Alexander Fleming: Scottish biologist who discovered penicillin, one of the first antibiotics, in 1928.
Gertrude B. Elion: American biochemist who developed numerous drugs, including the first immunosuppressive medication and drugs for leukemia, malaria, and HIV.
Tu Youyou: Chinese pharmaceutical chemist who discovered artemisinin, a drug used to treat malaria, in the 1970s.
Paul Ehrlich: German physician and scientist who is known as the father of chemotherapy for his work on developing drugs to treat syphilis and cancer.
Jonas Salk: American virologist who developed the first successful polio vaccine in 1955.
Andrew W. Mellon: American financier and philanthropist who funded the development of the sulfa drugs, the first antibiotics used to treat bacterial infections.
James Black: Scottish pharmacologist who developed beta-blockers and H2 antagonists, medications used to treat high blood pressure and acid reflux, respectively.
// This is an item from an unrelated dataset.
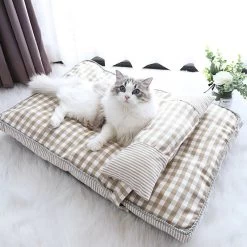Tapis De Lit à Carreaux Pour Gros Chat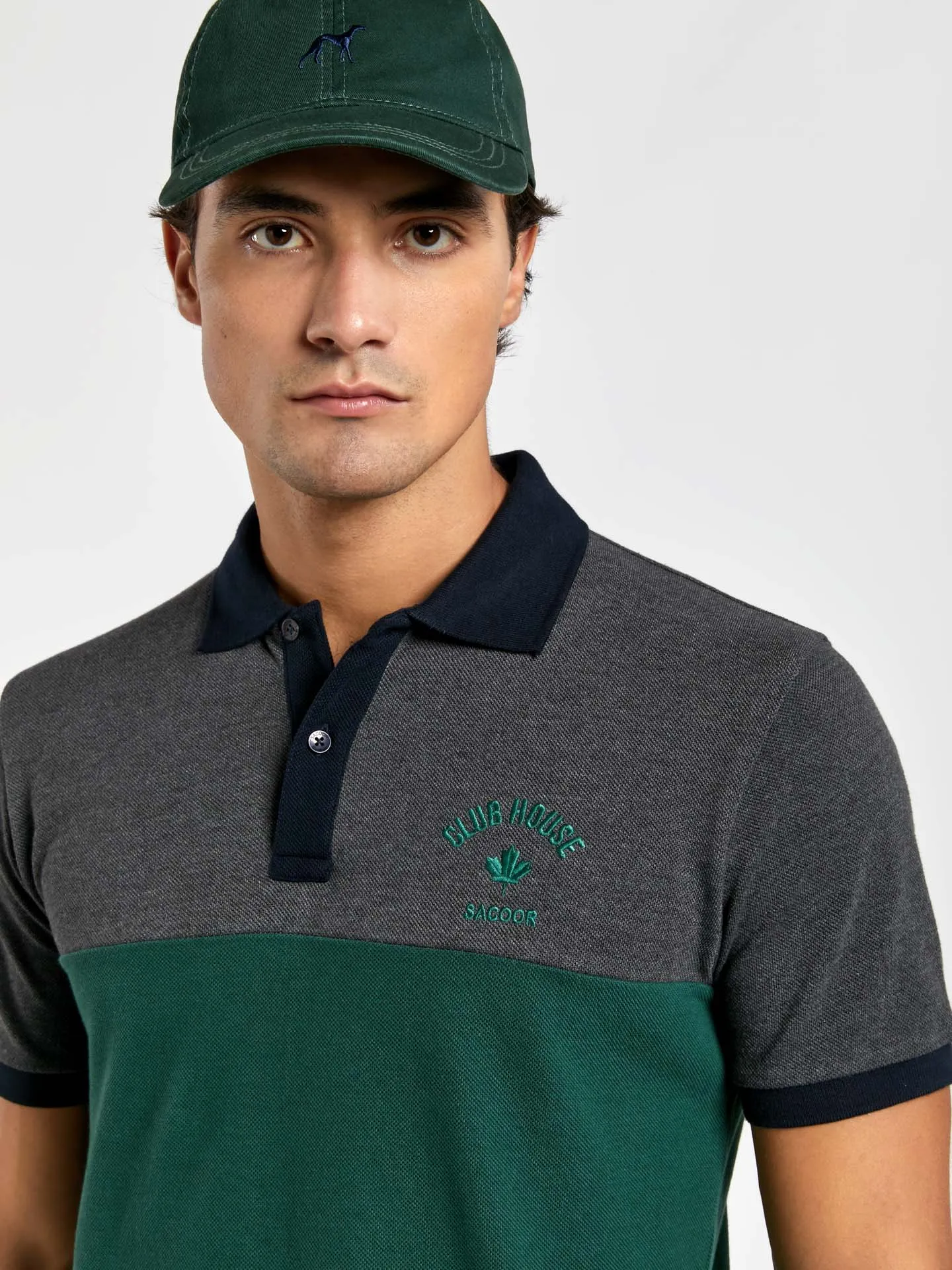 Genz collection regular fit colour-block piqué polo shirt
Robert Koch: German physician and microbiologist who discovered the bacterium that causes tuberculosis and developed techniques for identifying other disease-causing microbes.
Selman Waksman: Ukrainian-American biochemist who discovered streptomycin, the first antibiotic effective against tuberculosis, and coined the term "antibiotic."
Yoshinori Ohsumi: Japanese cell biologist who won the Nobel Prize in Physiology or Medicine in 2016 for his discoveries on autophagy, a process by which cells break down and recycle their own components.